• [Work request]:
The lines from the start of the data through the line containing "cerebrale, SLA, malattie" are to be reproduced exactly, both ends included.

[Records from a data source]

= = = = =

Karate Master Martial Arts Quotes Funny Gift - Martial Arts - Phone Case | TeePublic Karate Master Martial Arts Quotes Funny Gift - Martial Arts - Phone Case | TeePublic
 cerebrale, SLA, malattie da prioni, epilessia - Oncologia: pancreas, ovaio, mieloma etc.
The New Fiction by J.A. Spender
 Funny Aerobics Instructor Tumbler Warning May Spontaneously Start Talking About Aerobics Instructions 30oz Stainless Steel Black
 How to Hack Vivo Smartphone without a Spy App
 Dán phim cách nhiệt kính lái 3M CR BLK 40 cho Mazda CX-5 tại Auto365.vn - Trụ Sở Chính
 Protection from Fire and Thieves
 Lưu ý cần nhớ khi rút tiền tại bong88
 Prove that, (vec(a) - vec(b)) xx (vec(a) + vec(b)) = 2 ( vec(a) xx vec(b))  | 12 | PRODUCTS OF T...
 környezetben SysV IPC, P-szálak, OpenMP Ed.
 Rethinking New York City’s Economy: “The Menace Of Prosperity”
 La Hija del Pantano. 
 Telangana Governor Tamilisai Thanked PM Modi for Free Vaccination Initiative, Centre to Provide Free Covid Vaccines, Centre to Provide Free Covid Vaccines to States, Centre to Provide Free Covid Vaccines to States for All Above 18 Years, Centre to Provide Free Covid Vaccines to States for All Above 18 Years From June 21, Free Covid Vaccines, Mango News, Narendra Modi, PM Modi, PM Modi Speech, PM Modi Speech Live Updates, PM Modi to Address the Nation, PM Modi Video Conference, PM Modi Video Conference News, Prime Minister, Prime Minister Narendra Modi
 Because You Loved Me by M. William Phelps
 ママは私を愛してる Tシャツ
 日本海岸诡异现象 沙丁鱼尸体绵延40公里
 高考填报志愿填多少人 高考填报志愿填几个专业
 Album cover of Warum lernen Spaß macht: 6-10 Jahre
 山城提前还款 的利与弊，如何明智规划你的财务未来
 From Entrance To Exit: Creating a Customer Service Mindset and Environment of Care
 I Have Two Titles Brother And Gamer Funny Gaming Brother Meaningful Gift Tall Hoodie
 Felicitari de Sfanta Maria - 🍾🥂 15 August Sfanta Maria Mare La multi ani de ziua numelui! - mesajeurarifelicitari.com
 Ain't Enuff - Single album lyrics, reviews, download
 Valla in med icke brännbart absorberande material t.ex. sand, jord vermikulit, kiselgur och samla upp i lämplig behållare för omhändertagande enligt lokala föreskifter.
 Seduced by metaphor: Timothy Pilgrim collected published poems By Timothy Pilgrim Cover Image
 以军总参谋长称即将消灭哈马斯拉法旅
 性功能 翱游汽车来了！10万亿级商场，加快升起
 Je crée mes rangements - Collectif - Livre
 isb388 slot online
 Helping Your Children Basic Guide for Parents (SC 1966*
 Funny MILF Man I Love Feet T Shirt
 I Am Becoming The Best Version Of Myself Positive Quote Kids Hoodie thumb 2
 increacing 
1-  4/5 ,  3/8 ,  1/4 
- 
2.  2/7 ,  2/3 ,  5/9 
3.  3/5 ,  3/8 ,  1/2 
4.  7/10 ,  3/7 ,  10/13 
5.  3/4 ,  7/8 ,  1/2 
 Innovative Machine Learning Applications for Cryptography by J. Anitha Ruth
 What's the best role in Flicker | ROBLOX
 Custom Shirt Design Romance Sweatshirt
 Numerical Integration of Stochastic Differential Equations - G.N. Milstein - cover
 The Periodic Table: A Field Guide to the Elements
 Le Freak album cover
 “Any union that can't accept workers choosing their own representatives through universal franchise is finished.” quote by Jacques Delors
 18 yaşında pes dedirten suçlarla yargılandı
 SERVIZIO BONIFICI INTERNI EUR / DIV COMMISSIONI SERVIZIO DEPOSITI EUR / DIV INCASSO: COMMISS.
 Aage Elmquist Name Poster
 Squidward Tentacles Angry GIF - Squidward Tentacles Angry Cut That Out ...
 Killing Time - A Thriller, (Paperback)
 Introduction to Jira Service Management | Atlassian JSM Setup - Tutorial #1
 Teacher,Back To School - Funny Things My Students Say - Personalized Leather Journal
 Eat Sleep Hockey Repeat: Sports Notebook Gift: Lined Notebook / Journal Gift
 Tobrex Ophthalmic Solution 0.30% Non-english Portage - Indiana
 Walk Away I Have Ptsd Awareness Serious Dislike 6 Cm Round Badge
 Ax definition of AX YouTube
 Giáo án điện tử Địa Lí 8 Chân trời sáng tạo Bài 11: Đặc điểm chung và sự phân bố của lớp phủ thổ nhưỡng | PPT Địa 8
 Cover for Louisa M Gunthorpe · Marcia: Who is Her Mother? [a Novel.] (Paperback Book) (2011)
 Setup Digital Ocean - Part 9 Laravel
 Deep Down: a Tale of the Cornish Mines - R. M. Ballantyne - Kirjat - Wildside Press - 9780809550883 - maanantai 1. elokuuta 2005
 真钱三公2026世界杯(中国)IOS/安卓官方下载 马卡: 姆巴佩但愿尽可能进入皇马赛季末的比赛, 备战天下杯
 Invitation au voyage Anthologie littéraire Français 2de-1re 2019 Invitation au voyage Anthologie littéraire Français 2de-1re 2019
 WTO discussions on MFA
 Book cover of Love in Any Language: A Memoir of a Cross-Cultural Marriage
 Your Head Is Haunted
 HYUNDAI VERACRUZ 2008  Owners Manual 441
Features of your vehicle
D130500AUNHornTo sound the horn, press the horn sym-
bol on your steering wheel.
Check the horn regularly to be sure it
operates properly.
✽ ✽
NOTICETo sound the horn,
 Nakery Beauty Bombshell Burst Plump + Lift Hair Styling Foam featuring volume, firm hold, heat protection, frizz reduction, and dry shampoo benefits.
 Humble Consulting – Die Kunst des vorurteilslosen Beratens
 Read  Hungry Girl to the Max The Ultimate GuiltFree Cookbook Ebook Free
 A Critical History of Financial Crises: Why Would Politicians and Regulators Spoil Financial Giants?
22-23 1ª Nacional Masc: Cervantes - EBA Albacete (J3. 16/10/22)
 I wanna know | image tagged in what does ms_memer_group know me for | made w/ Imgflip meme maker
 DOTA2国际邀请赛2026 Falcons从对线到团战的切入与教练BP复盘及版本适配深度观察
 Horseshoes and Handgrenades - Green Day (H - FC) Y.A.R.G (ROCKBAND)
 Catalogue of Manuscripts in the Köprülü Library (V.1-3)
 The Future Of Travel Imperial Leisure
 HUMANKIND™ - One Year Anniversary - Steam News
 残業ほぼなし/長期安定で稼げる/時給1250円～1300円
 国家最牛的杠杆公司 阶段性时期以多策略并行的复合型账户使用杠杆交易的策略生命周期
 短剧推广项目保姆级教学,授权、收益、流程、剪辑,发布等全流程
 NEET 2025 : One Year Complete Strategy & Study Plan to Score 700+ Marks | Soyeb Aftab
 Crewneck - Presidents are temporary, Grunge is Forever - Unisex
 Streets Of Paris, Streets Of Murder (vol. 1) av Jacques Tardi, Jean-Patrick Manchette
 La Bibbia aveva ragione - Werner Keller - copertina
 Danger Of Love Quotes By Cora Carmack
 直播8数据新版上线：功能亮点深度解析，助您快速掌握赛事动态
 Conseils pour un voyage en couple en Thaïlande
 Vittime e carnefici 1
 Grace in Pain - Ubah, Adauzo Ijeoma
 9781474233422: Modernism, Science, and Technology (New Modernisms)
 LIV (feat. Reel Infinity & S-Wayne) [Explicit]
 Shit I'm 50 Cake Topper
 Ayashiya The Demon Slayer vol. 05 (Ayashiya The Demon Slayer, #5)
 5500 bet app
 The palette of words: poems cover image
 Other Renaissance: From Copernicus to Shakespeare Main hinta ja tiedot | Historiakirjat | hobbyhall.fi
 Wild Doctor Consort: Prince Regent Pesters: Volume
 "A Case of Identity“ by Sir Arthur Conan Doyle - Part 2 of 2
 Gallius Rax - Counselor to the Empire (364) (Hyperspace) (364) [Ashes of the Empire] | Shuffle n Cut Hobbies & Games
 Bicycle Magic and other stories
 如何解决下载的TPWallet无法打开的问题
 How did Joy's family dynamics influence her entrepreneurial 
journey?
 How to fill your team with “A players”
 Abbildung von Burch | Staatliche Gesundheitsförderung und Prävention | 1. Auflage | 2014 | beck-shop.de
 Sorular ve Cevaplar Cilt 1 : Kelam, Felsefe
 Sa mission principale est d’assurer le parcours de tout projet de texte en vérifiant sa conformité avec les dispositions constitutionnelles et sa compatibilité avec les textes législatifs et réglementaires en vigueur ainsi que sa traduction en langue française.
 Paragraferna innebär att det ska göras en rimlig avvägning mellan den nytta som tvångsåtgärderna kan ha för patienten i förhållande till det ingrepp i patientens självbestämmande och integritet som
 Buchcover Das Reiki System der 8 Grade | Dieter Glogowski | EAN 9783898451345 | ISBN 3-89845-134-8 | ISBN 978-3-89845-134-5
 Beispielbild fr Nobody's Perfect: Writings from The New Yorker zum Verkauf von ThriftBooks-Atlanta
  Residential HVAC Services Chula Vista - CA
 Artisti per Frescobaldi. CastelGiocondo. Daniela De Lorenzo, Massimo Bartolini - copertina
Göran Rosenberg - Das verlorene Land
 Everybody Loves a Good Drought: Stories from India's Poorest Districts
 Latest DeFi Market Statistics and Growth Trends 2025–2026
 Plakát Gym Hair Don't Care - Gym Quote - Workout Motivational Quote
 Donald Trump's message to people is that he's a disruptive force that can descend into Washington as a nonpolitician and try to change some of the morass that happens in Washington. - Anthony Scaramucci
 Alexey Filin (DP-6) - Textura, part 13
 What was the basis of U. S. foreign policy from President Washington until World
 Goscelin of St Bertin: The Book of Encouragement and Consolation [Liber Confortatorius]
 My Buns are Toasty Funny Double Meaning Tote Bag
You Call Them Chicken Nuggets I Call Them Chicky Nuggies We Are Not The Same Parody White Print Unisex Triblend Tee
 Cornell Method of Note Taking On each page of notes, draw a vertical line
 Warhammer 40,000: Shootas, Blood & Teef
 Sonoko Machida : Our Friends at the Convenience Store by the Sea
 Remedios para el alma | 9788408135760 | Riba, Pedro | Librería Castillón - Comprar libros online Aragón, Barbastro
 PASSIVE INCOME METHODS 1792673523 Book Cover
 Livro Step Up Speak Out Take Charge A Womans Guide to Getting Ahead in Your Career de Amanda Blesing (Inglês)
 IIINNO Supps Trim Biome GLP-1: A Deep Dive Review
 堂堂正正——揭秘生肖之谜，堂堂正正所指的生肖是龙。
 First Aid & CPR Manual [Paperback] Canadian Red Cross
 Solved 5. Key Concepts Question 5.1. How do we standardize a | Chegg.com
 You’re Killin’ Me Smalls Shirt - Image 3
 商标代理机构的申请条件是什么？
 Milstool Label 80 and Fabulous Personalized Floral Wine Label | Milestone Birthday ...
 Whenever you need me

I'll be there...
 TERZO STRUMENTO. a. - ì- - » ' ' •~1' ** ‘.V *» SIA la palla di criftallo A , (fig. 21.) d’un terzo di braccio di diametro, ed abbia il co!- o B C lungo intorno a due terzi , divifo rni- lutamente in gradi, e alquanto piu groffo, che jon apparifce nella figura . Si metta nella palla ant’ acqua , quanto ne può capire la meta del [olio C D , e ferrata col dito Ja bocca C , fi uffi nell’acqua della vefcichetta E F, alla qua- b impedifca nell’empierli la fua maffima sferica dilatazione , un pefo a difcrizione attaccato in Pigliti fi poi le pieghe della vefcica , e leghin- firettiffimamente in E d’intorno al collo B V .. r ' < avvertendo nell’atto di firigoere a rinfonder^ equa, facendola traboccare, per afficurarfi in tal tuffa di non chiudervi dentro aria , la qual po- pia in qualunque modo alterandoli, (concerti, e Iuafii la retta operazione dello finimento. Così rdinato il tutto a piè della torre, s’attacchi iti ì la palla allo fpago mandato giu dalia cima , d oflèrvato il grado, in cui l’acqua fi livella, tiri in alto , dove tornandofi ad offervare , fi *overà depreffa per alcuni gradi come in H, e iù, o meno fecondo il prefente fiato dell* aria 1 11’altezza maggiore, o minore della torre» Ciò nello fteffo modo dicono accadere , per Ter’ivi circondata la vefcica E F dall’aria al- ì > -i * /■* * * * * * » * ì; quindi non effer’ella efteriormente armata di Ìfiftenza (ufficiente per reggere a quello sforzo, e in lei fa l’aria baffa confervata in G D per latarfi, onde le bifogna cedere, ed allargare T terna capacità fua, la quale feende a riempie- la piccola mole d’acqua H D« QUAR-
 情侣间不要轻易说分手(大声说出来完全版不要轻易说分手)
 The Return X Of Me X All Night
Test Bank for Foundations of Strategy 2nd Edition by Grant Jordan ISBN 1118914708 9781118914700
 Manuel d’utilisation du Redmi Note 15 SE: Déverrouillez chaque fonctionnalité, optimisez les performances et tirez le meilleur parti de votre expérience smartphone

= = = = =

• [Problem solution]:
Karate Master Martial Arts Quotes Funny Gift - Martial Arts - Phone Case | TeePublic Karate Master Martial Arts Quotes Funny Gift - Martial Arts - Phone Case | TeePublic
 cerebrale, SLA, malattie da prioni, epilessia - Oncologia: pancreas, ovaio, mieloma etc.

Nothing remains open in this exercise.